• **Your task**:
The entries that follow should come back exactly, with no pictures among them.

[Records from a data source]
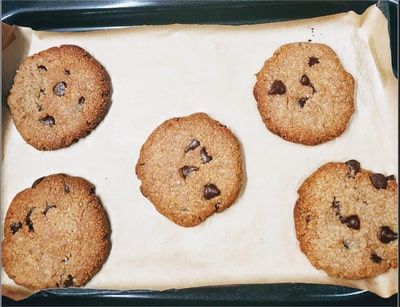 Bake for 10-12 mins until their edges are light brown and still slightly soft in the centre if you press them Chocolate Chips Biscuits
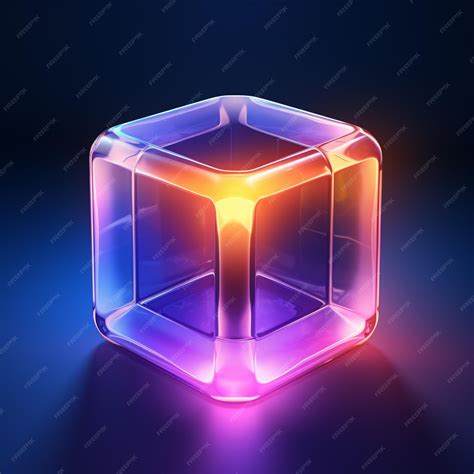 Premium Photo | A close up of a glowing cube on a dark surface ...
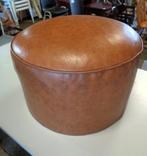 Ronde bruin leren poef, Ophalen, Minder dan 50 cm, Gebruikt, Klassiek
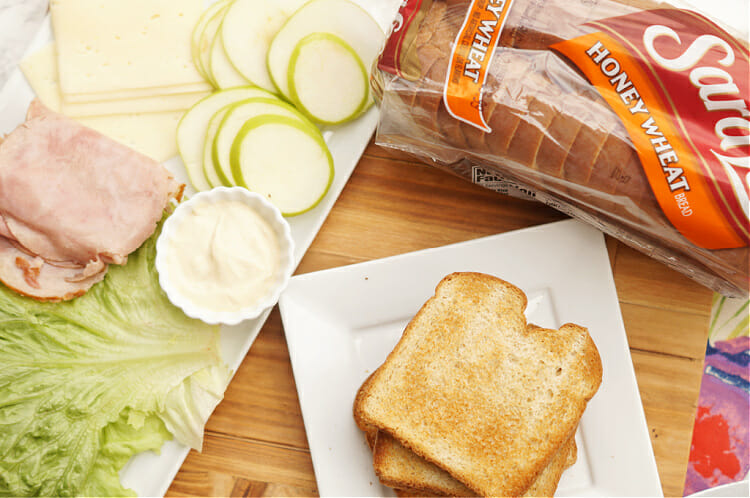 Making Ham and Apple Sandwiches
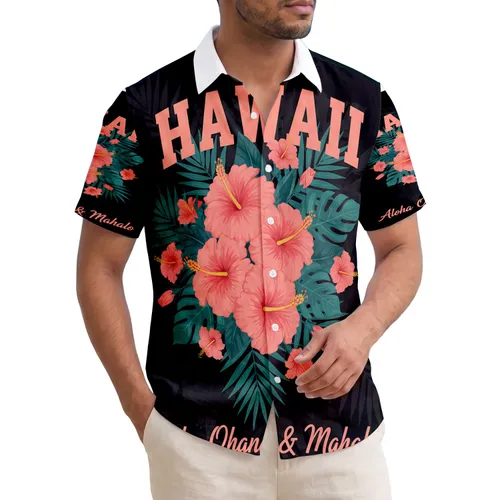 Hawaii Aloha Ohana Hibiscus Tropical Leaves - Family Lifestyle Gift Hawaiian Shirt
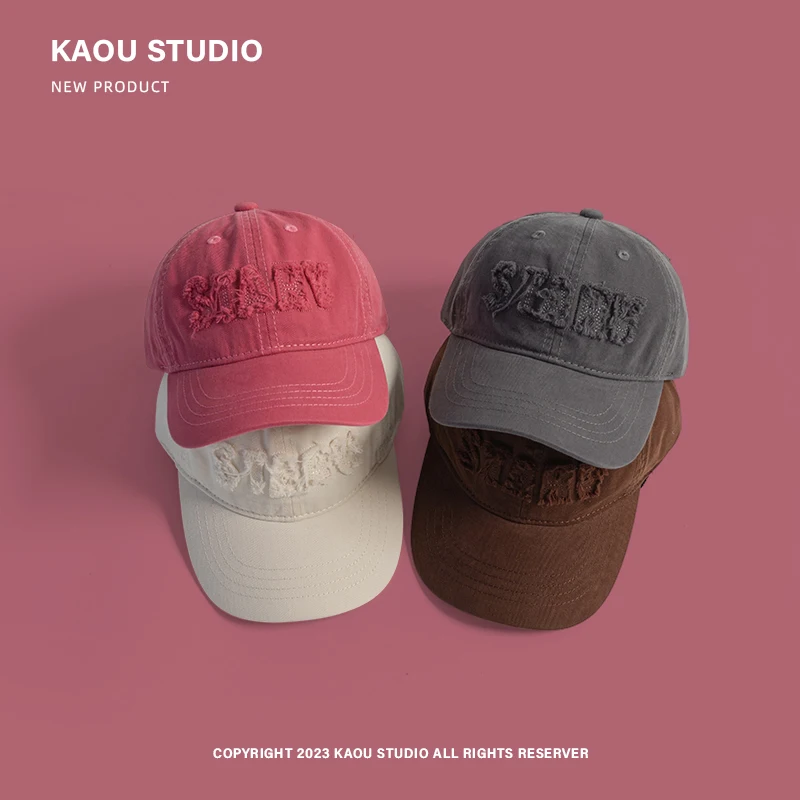 Korean Fashionable Burr Letter Baseball Caps Unisex Spring and Summer Versatile Sunshade Casual Show Face Small Women's Hats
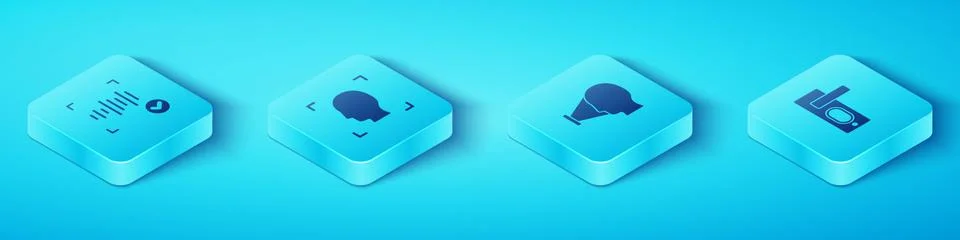 Set Isometric Voice recognition, Face, Fingerprint door lock and icon. Vector Illustration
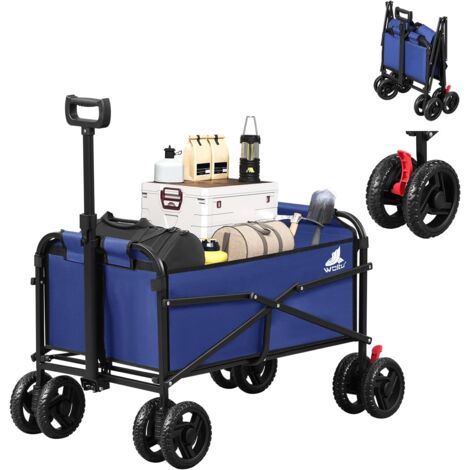 WOLTU Folding Outdoor Storage Trolley Cart Bag with 4 Dual Universal Wheels, Lockable, Blue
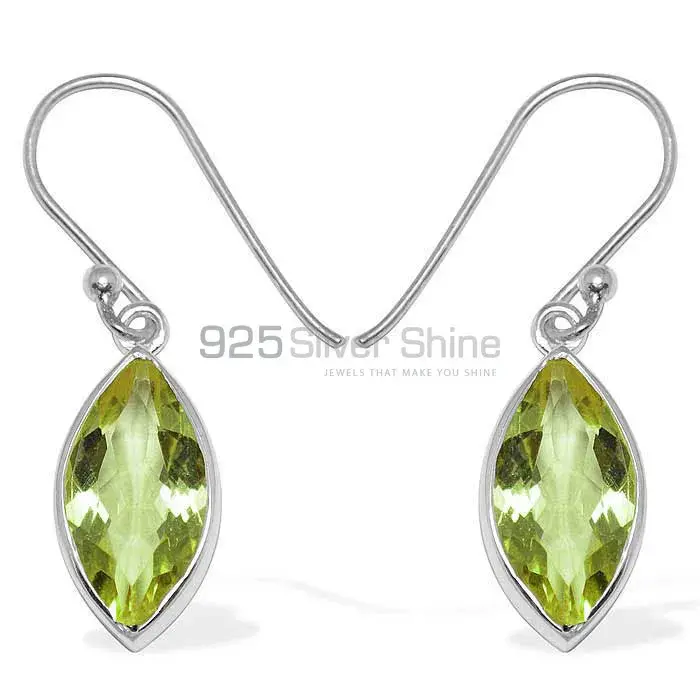 925 Sterling Silver Handmade Earrings In Lemon Quartz Gemstone Jewelry 925SE1138_0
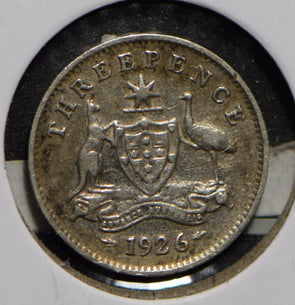 Australia 1926 3 Pence Kangaroo animal Emu  292025 combine shipping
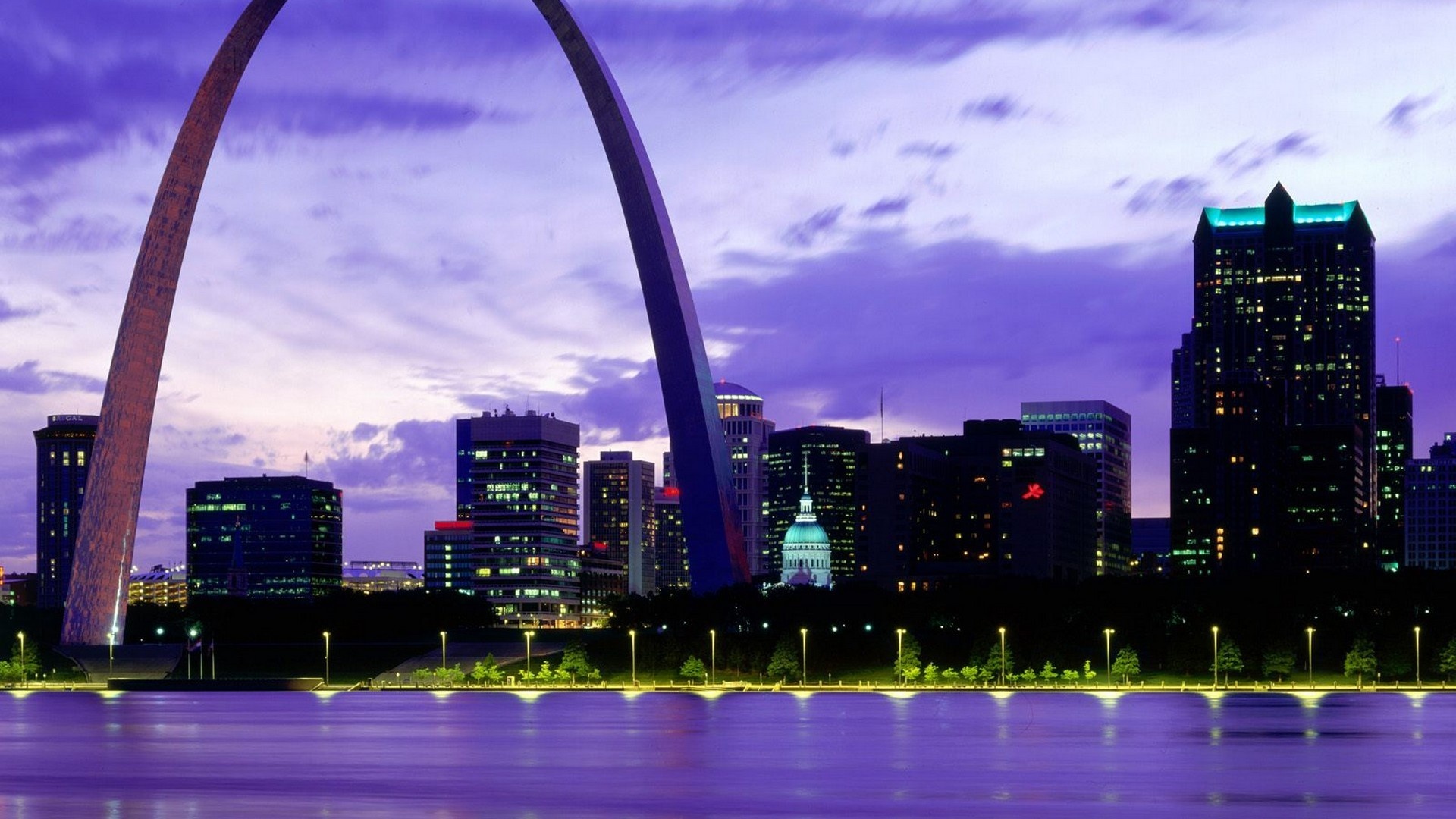 St. Louis skyline, Architectural marvels, Urban buzz, Nighttime charm, 1920x1080 Full HD Desktop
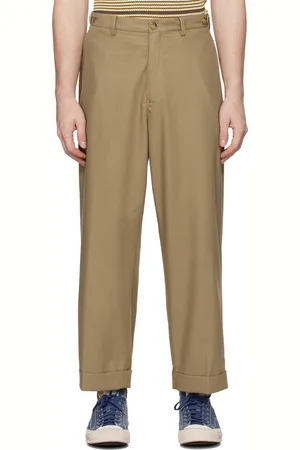 Beams Beige Ivy Wide Trousers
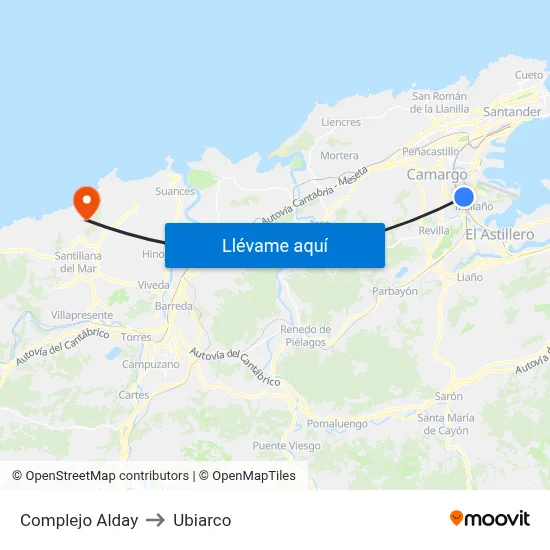 Complejo Alday to Ubiarco map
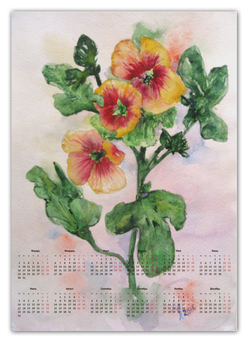 Заказать календарь в Москве. Календарь А2 Солнечная мальва от Anna Lomachenko - готовые дизайны и нанесение принтов.
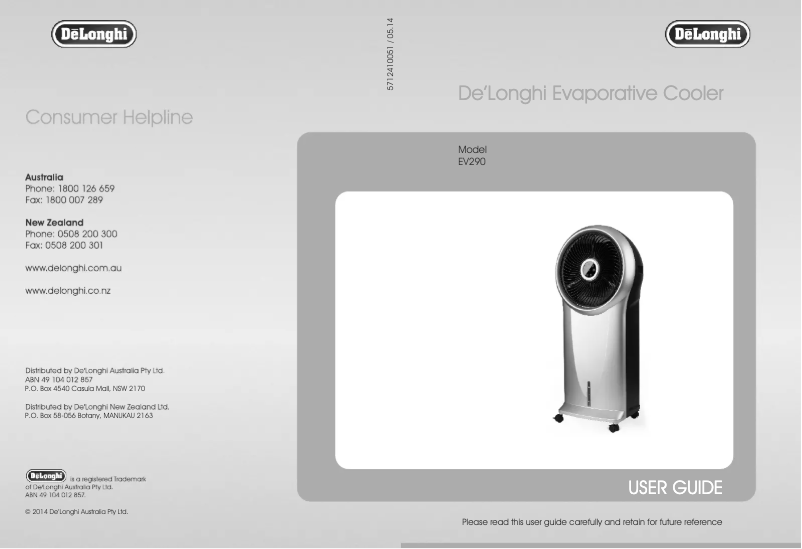 Page n°1 - Manuel utilisateur DeLonghi EV290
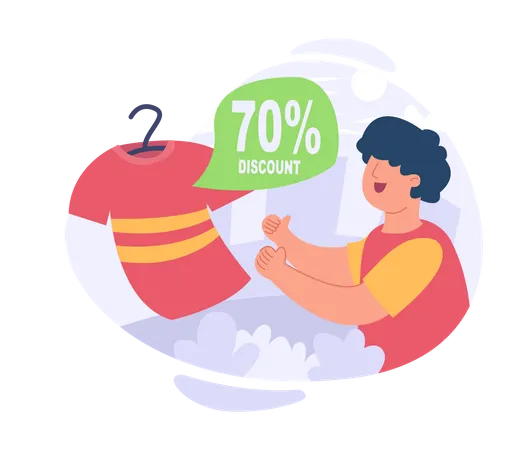 Online shopping discount  Illustration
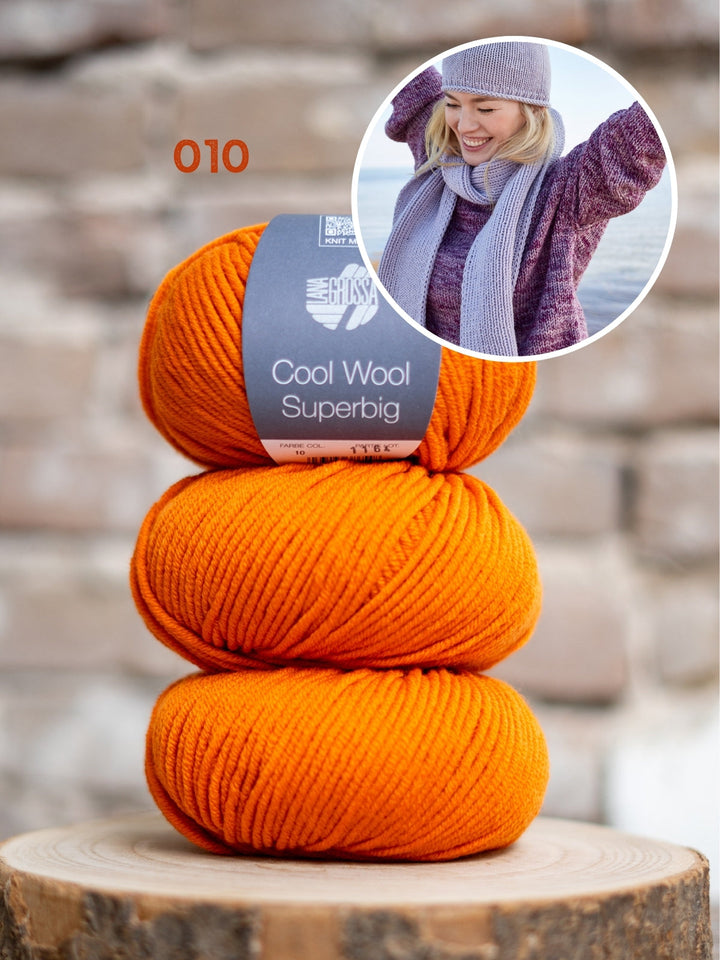 Strickpaket Cool Wool Superbig Schal und Mütze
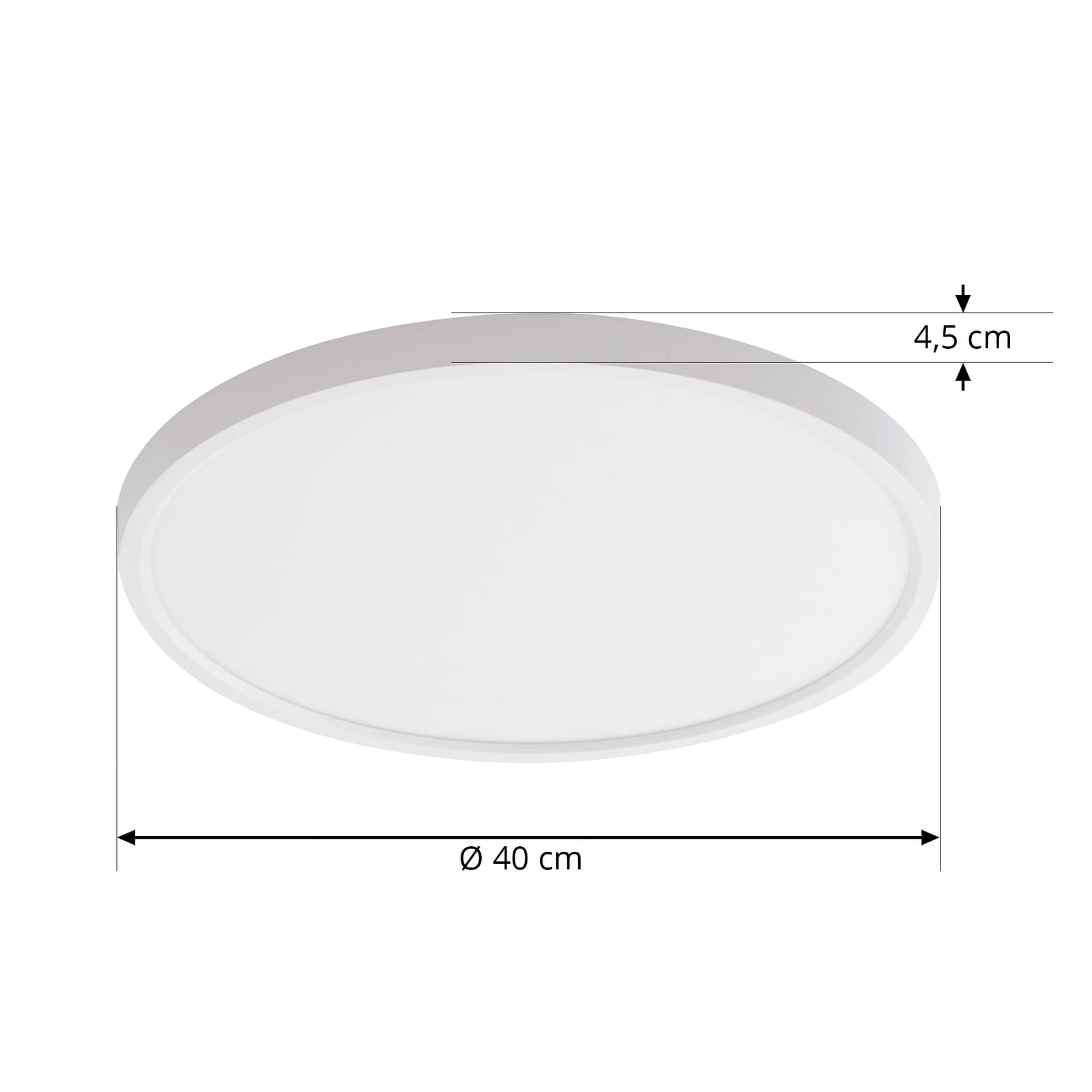 LED taklampe Denora dimbar RGB CCT Tuya Ø40 cm hvit montert i rom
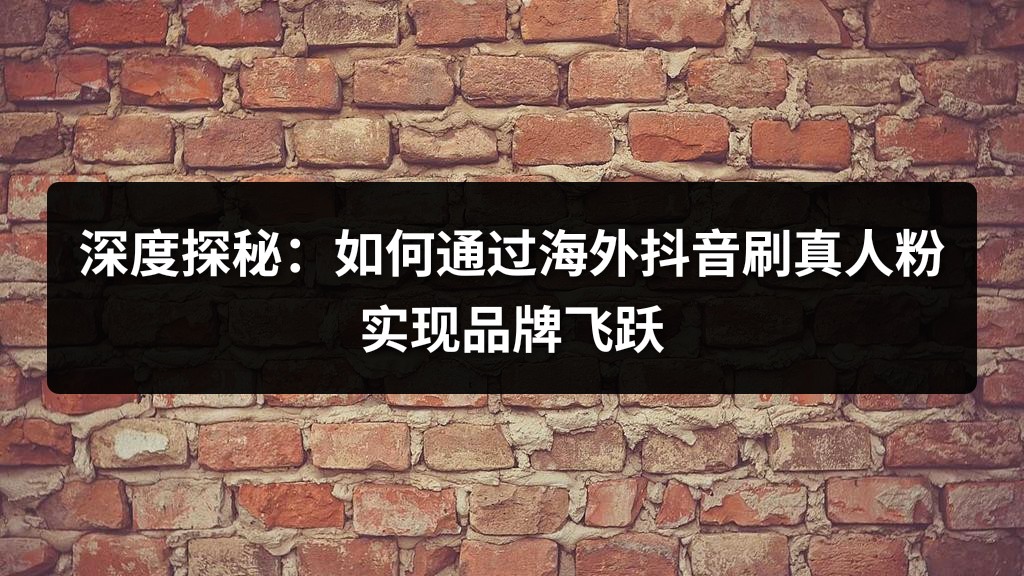 深度探秘：如何通过海外抖音刷真人粉实现品牌飞跃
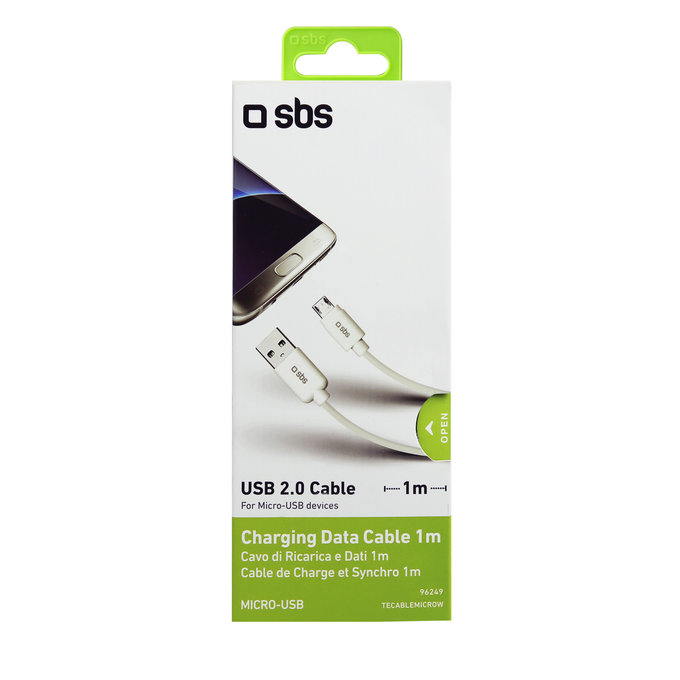 SBS - Micro-USB / USB kabel (1m), bijeli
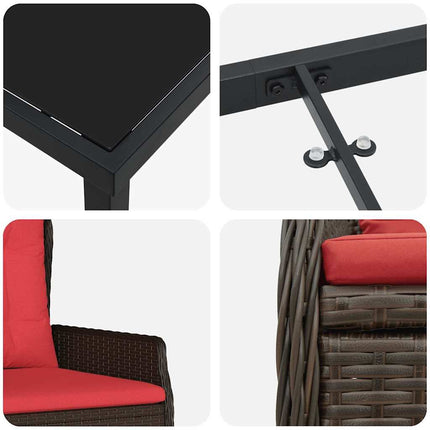 Have Spisebordssæt med pude 9 pcs Brun Poly rattan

• **Answer below**:
 Bake for 10-12 mins until their edges are light brown and still slightly soft in the centre if you press them Chocolate Chips Biscuits
 Premium Photo | A close up of a glowing cube on a dark surface ...
 Ronde bruin leren poef, Ophalen, Minder dan 50 cm, Gebruikt, Klassiek
 Making Ham and Apple Sandwiches
 Hawaii Aloha Ohana Hibiscus Tropical Leaves - Family Lifestyle Gift Hawaiian Shirt
 Korean Fashionable Burr Letter Baseball Caps Unisex Spring and Summer Versatile Sunshade Casual Show Face Small Women's Hats
 Set Isometric Voice recognition, Face, Fingerprint door lock and icon. Vector Illustration
 WOLTU Folding Outdoor Storage Trolley Cart Bag with 4 Dual Universal Wheels, Lockable, Blue
 925 Sterling Silver Handmade Earrings In Lemon Quartz Gemstone Jewelry 925SE1138_0
 Australia 1926 3 Pence Kangaroo animal Emu  292025 combine shipping
 St. Louis skyline, Architectural marvels, Urban buzz, Nighttime charm, 1920x1080 Full HD Desktop
 Beams Beige Ivy Wide Trousers
 Complejo Alday to Ubiarco map
 Заказать календарь в Москве. Календарь А2 Солнечная мальва от Anna Lomachenko - готовые дизайны и нанесение принтов.
 Page n°1 - Manuel utilisateur DeLonghi EV290
 Online shopping discount  Illustration
 Strickpaket Cool Wool Superbig Schal und Mütze
 LED taklampe Denora dimbar RGB CCT Tuya Ø40 cm hvit montert i rom
 深度探秘：如何通过海外抖音刷真人粉实现品牌飞跃
 SBS - Micro-USB / USB kabel (1m), bijeli
 Have Spisebordssæt med pude 9 pcs Brun Poly rattan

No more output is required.